Oh, and Cooper is also running for New York City Council.

Cooper is running to be the councilman for district nine — which includes Manhattan neighborhoods West Harlem, Morningside Heights, Manhattanville, and Hamilton Heights — to “make a substantial change” in the lives of New Yorkers.

COOPER '17 grad

COOPER ’17 grad

“When the opportunities come along, we have to take it,” he said. “Because in this life, what we do is bigger than just us. I see the city council race as just that. It is bigger than me — it is for the community and it is about creating substantial change.”

Cooper emigrated from Liberia to New York City at age 12, fleeing a civil war with his mother, two siblings and virtually nothing else.

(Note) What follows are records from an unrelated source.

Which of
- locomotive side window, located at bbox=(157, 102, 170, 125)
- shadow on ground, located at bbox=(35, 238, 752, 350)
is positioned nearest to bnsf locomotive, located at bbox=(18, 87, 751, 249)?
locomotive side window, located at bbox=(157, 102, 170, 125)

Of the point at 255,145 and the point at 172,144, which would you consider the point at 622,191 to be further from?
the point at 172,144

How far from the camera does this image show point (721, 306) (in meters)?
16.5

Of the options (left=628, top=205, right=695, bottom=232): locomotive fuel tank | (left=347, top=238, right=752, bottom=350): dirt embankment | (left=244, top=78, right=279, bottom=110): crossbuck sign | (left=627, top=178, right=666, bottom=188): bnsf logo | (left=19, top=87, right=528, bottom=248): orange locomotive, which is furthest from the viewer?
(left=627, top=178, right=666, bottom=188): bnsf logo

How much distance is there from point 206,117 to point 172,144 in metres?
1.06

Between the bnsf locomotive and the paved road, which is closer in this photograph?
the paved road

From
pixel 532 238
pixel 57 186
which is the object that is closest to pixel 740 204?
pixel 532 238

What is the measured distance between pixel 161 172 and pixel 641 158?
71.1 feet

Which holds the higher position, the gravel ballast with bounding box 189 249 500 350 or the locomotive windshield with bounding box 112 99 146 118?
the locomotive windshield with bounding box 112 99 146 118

“It was only by the grace of God that we were lucky enough to have friends and extended family to help us out,” Cooper said. “Because of that I’m here today, so when it comes to community, I’ve always been someone to see the need to give back because someone gave back to me.”

Cooper is a leader in the Harlem community, serving as the vice chair of the Manhattan Community Board 9, where he worked on Columbia University’s $7 billion campus expansion, and focused on ensuring local business inclusion. He also helped to reform the West Harlem Local Development Corporation, a nonprofit tasked with dispensing millions of dollars to the Harlem Community, according to his campaign website.

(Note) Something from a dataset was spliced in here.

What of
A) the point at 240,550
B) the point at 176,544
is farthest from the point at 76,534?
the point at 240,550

While working with the African-American clergy and Hispanic business leadership, Cooper continuously leads a push for full minority business participation in New York City. He was directly involved in setting the goal of 30 percent “Minority and Women Owned Enterprises” on all state projects.

On the council, he hopes to continue to help make business diversity in New York City a reality.

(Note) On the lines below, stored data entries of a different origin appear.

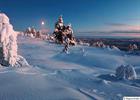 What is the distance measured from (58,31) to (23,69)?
126 feet

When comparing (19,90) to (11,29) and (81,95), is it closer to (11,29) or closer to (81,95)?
(81,95)

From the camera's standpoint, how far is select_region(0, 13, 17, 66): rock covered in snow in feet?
54.9

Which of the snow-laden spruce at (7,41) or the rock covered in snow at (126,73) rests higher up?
the snow-laden spruce at (7,41)

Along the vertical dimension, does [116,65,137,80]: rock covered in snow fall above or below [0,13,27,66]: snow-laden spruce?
below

“I think this [position would] allow me to … hold city agencies accountable to making sure that minority and women owned business and local businesses benefit from this economic engine of New York City,” he said.

Cooper not only makes a point to give back to the New York City community, but he also spent a year and a half working with the Liberian government on infrastructure development projects four years ago.

“I was happy to see the country that I left as a child and to know that I have the opportunity to create change in the U.S. but to also go back and help folks back home,” he said.

After Cooper and his family moved to the United States, his mother worked two to three jobs to provide for her family. But finding a job was a challenge for her, as it is for many new immigrants, according to Cooper. Cooper said he hopes to open more opportunities for advancement to the immigrant community.

“Whether you’re an immigrant, whether you’re black, white, green or yellow, one of the things that impacts all of our boundaries is jobs and whether we can provide for our families,” Cooper said. “I’m passionate about moving the community forward and to create jobs and opportunities for local businesses.”

Harlem has one of the highest unemployment rates in New York City, and represents an untapped retail market, according to Cooper.

“My goal is to work directly with the local small businesses in a coordinated effort and strategy to market that area — not only city wide but internationally,” he said. “Everyone knows Harlem for its arts, business and entertainment, but it is not being marketed properly.”

As a former New York City middle school teacher who worked for the Department of Education for six years, Cooper is also passionate about education. He sees the formable years of zero to three as fundamentally important to children’s learning, and he said he wants to expand the New York State pre-kindergarten program to include children ages zero to three. He pointed out that studies show that children who lack the proper resources during that stage of development demonstrate a greater chance of needing assistance services in the future.

“If you look at it from an economic standpoint, it makes sense to invest in our children at a very early age than to invest in them at a later age because it will be far more expensive and is will not be as productive as it could be,” he said.

To fellow Cornellians who are considering entering the political realm, Cooper offers words of encouragement, adding, “If you need help, I’m here.”

“The Cornellians I’ve met have been very genuine and passionate, not only for their profession or for their study, but for giving back to the community,” Cooper said. “I can’t see any better reason for getting into politics than that you care about the community and you want to take what you’ve learned and the gifts that you’ve been given and serve your community.”